How late can you leave it…

What do you think? Are women leaving it too late to get pregnant?  The Chief Medical Officer, Professor Dame Sally Davies, hit the headlines last week after expressing her concerns about the steady shift towards women leaving it later to try to get pregnant, and about the fact that many more women are choosing not to have children at all.

I went to Sky News to talk about this with author Daisy Waugh and presenters Jayne Secker and Sarah-Jane Mee.  There are all kinds of reasons why women are leaving it later to have children, and it’s unrealistic to think that by banging on about the risks we are going to suddenly see many more women opting to have their children in their twenties. This may be the ideal time biologically, but it’s not always remotely ideal in any other way. Many women in their twenties haven’t yet met the person they want to have children with, they may be still finishing their studies or looking for their first job, they may be living with their parents because they can’t afford a place of their own – and getting pregnant is certainly not on the agenda.

I was interested in some of the comments the story drew from those who were keen to point out that more and more women are having babies in their forties. It’s absolutely true that more women are having children at this age, but it is also true that it’s not so easy to get pregnant and stay pregnant in your forties.  I meet so many women who are feel they are in a battle against time trying to conceive in their late thirties and early forties, and who have assumed that fertility treatment will be able to offer a solution when IVF is not able to turn back the biological clock. I come across so many who are trying treatment for the first time in their forties, and who don’t realise quite how poor the chances of getting pregnant with IVF become.

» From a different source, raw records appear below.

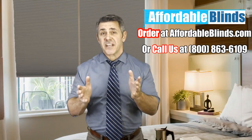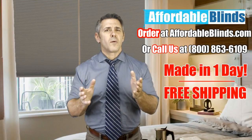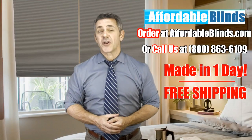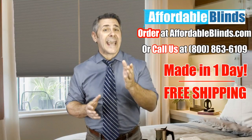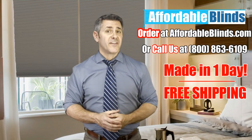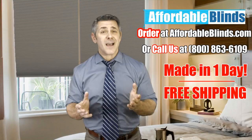Are you considering cellular shades for your home? Here at AffordableBlinds.com, our focus is helping you save on quality shades for your home at the best prices and personalized customer service experience. With our guaranteed-to-fit policy and free shipping, you can shop without worry.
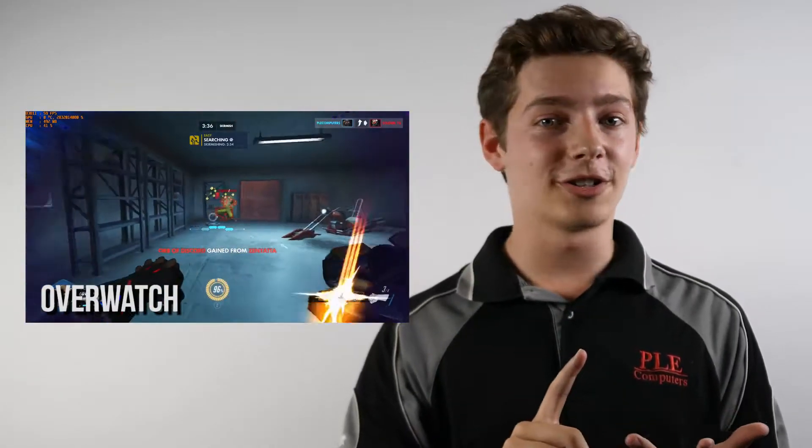We've benchmarked the APUs with a number of titles: League of Legends, Overwatch, CSGO, and Rocket League. On these less graphically demanding titles we can squeeze out some great 1080p performance. It's mind blowing that we can achieve these numbers without a discrete GPU.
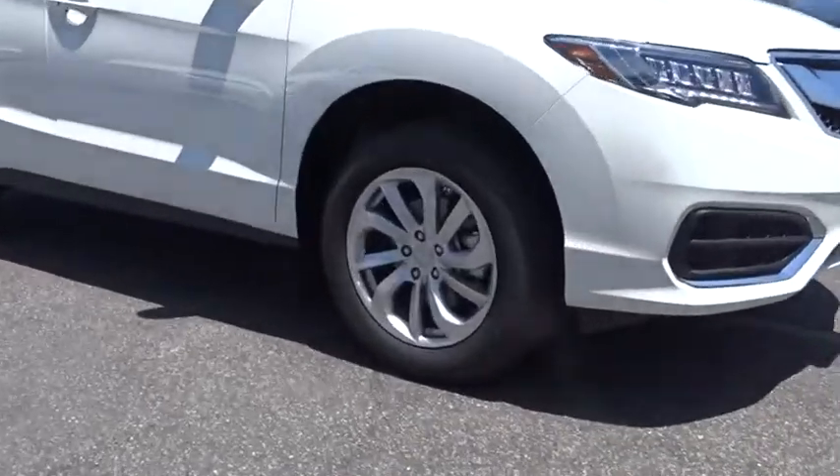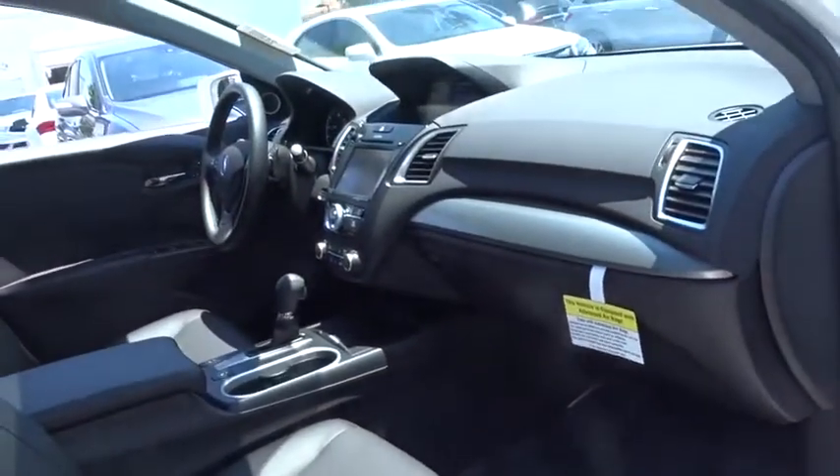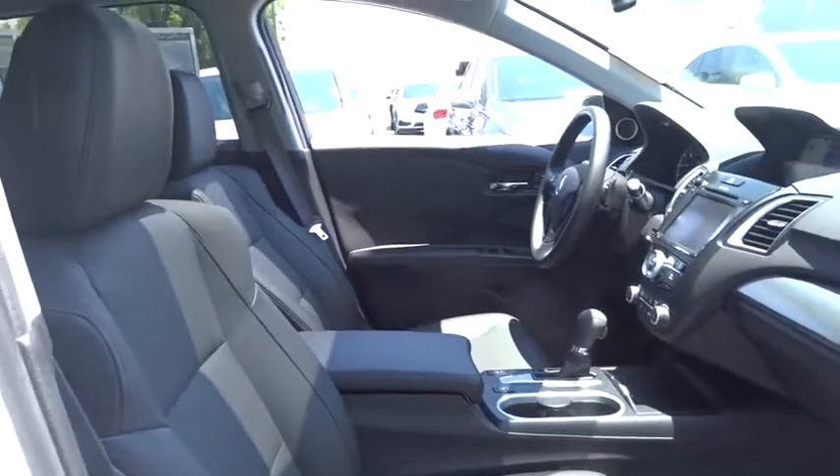Power passenger seat, stability control, anti-lock braking system, navigation system, keyless entry, traction control, steering wheel audio controls, power liftgate, backup camera.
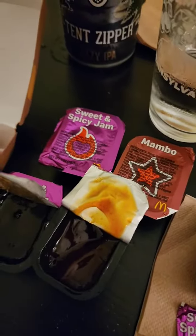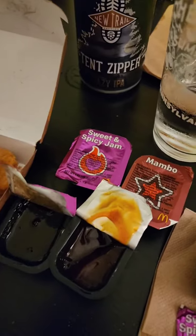The Sweet Spicy Jam, kind of more of a breakfast sauce. The Mambo, good for anything. But both are really good sauces, I'd give them a try. Go Fills.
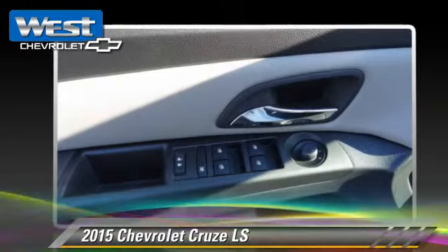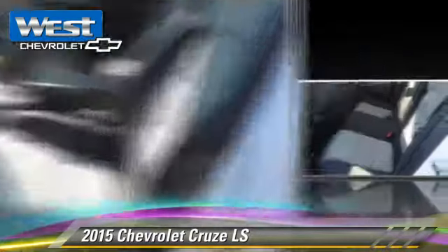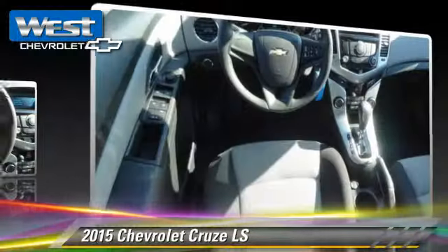Comfort and convenience features include a navigation system, Bluetooth wireless, and satellite radio.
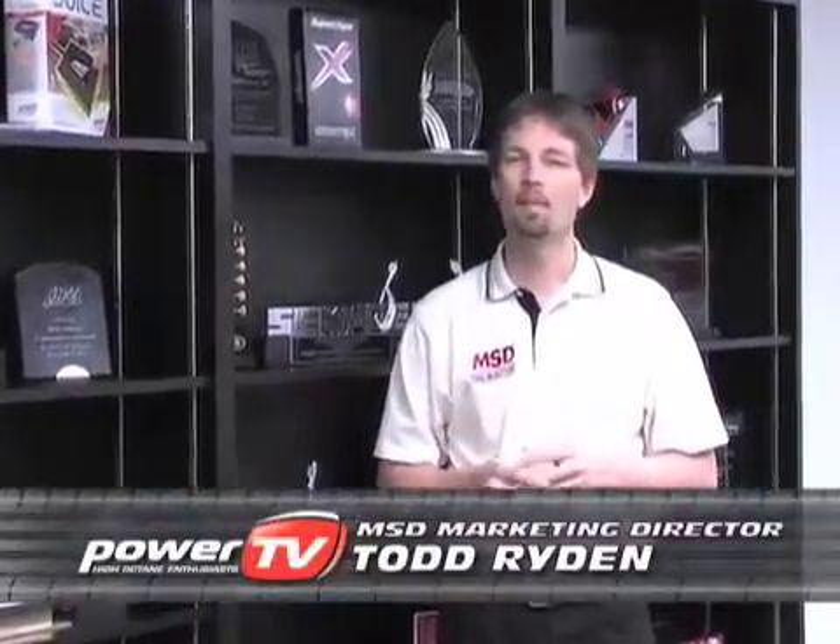Hi, I'm Todd Ryden, the director of marketing for MSD Ignition. MSD's been around since the early 70s when we actually started doing lean burn fuel systems, but then evolved into high-end performance ignition systems.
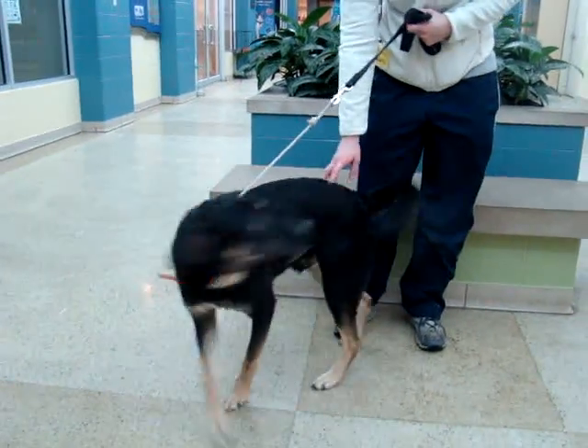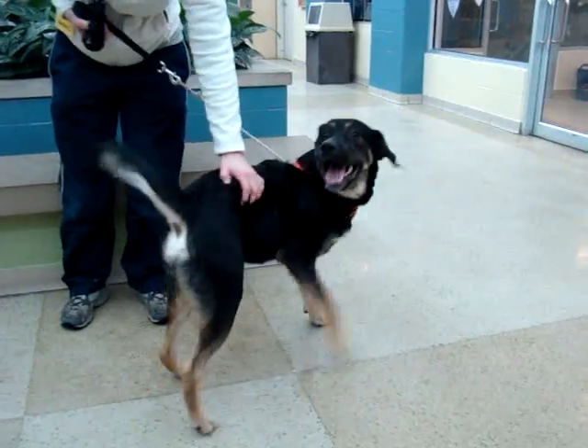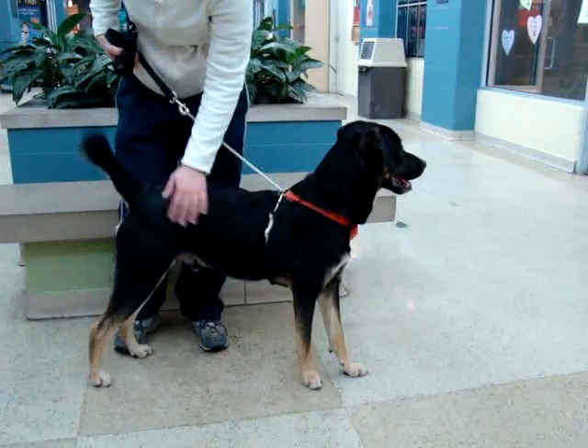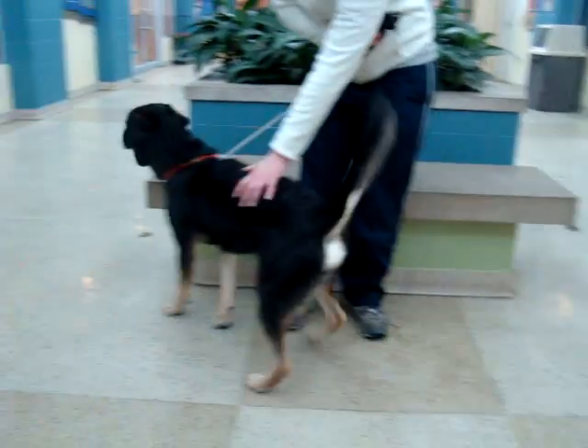He's learning to sit on command and learning to walk while on a leash, but he could use a little bit of help with that. He does pull a little bit, but he's a very big, strong guy, so that's kind of expected. He does prefer to go to the bathroom outside, so he is well-trained. He's just a big sweetheart of a guy who's going to make a great pet.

Success rates for IVF are around 5% for women who have reached 42 and fall to around 1% for women of 45.  The risk of early pregnancy loss is high for women of this age too, rising above 50%.

We don’t want to petrify women into believing that it’s virtually impossible to get pregnant naturally in your late thirties and forties because it’s simply not true – but at the same time, anyone leaving it until then does need to be aware that there may be problems.  I always think we talk about it a lot – but people still don’t appreciate how unsuccessful a treatment IVF becomes once you are heading into your mid-forties.

What do you think? Should we talk about it more? Are women still unaware of the realities? Or are we terrifying a generation of thirty-somethings, many of whom will still get pregnant without any trouble?